Second, reproducibility: if the thermometer says X is hotter than Y, then when I put X and Y in contact, X gets cooler and Y gets hotter (all else equal). I can use the thermometer to rank hotness of a bunch of things, sort them by thermometer reading, and consistently (approximately-deterministically) find that the things on the hotter end feel hotter than the things on the colder end. This is what makes the single-number output (temperature) actually useful: it approximately-deterministically predicts some stuff, across a broad range of contexts, based on just those simple numbers.
Exercise for the reader: walk through the same analogy for a scale.
What would be the analogy of a thermometer for an interpretability tool? Well, something which we can point at part of a net, and get back a simple legible output, which approximately-deterministically predicts some stuff across a broad range of contexts.

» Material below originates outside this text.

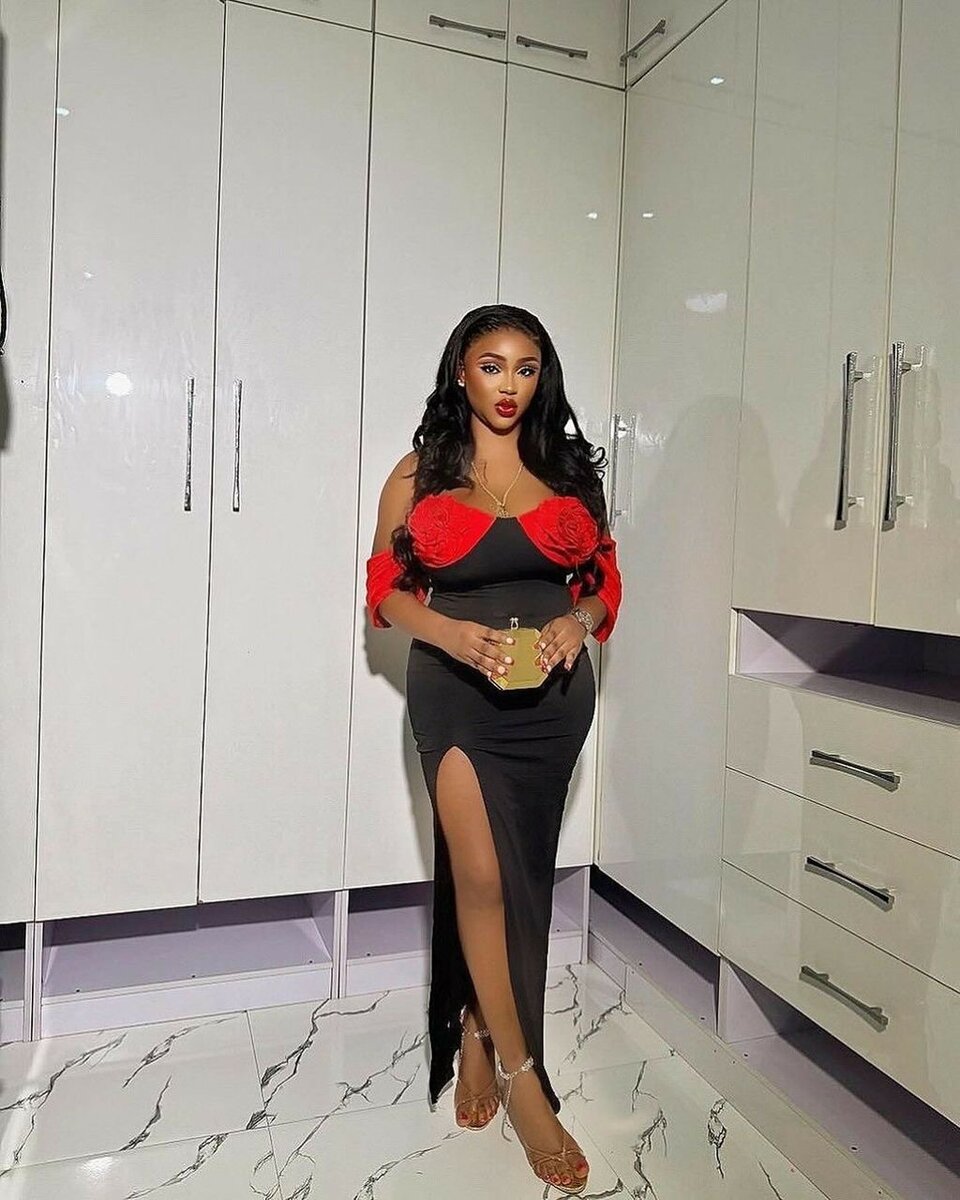 Birthday/dinner dress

When you look at it like that, it’s clear that building a measurement tool like a scale or thermometer is itself a task which requires scientific insight. It requires finding some approximately-deterministically-reproducible pattern, which can be predicted by some simple legible summary data. Just picking some ad-hoc measurement convention (like e.g. reporting hotness using natural language) fails to capture most of the value. Most of the value isn’t in the automation work itself, it’s in noticing the reproducible pattern.
I’m generally pretty pessimistic about research-automation proposals analogous to “train a net to mimic a human sticking their finger in some stuff and reporting hotness”. But I am much more optimistic about things analogous to “notice that a single number for each subsystem allows us to reproducibly predict which things get hotter/colder when in contact”.